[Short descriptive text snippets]
--------------------------------------------------

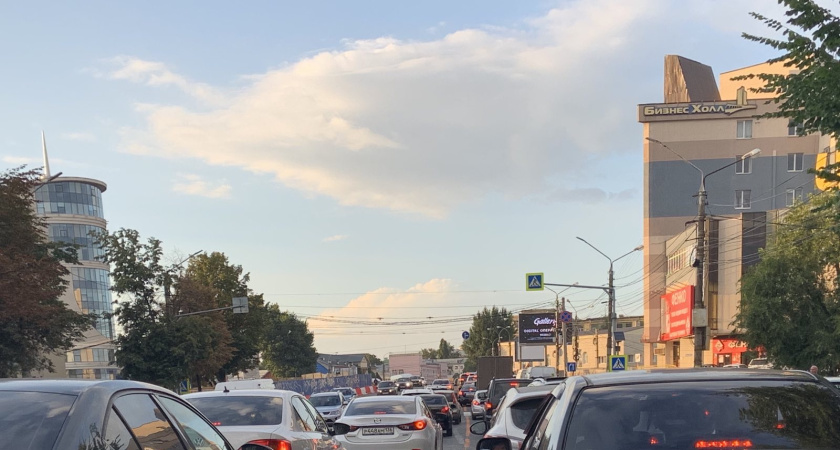 Воронежский перевозчик вместе с жителями выбрал вариант объезда виадука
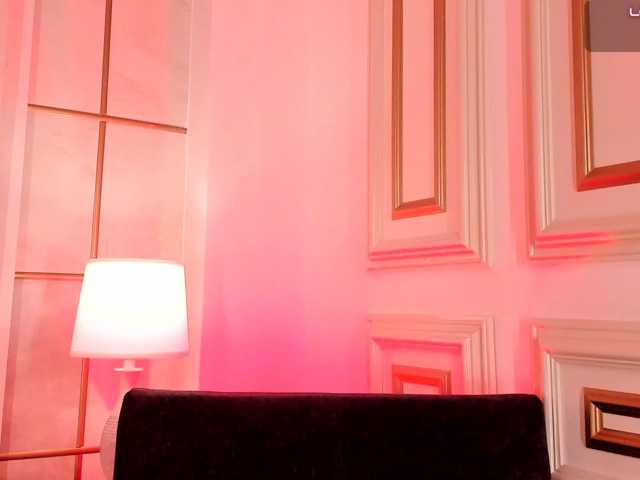 dionneventuri live cam on BongaCams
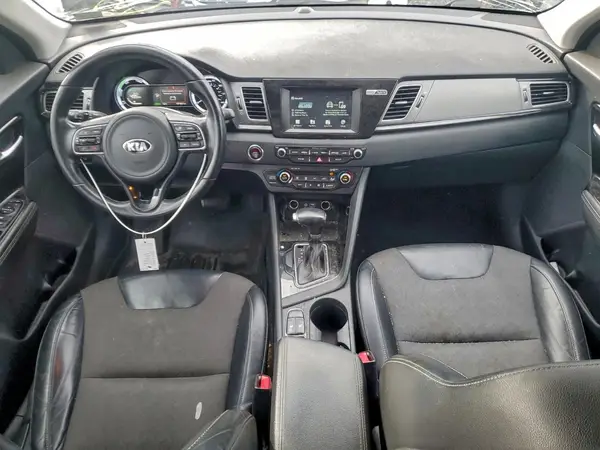 KNDCC3LCXH5047806 2017 KIA NIRO - Image 8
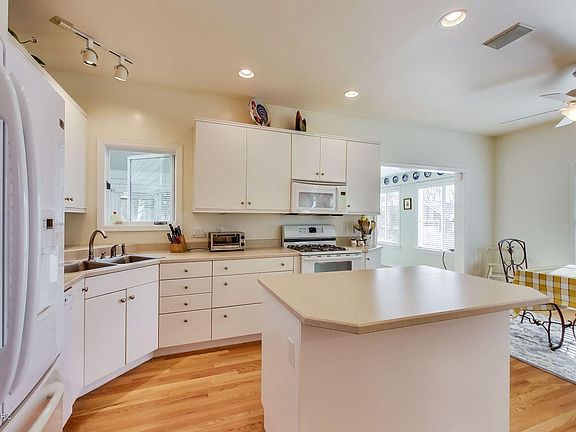 5th image of 11644 Marquette Dr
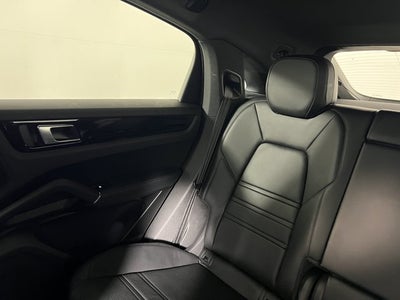 2023 Porsche Cayenne Base
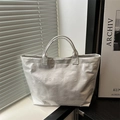 Silberne DuPont-Papiertasche mit Metallic-Effekt und TOTE BAG Prägung - Weiß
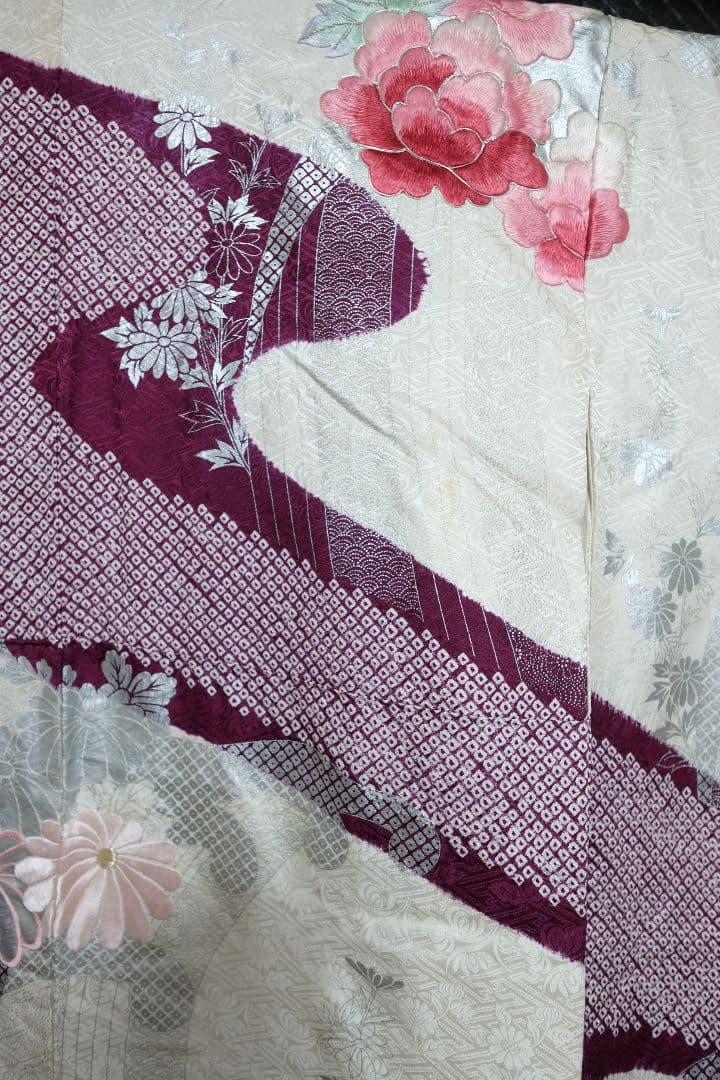 振袖フルセット ボルドー絞り／牡丹刺繍　成人式　卒業式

--------------------------------------------------

PROMPT: With all pictures omitted, return exactly the lines from the one containing "KNDCC3LCXH5047806 2017 KIA NIRO - Image 8" through the end of the entries above.

RESULT FOR THIS EXERCISE:
 KNDCC3LCXH5047806 2017 KIA NIRO - Image 8
 5th image of 11644 Marquette Dr
 2023 Porsche Cayenne Base
 Silberne DuPont-Papiertasche mit Metallic-Effekt und TOTE BAG Prägung - Weiß
 振袖フルセット ボルドー絞り／牡丹刺繍　成人式　卒業式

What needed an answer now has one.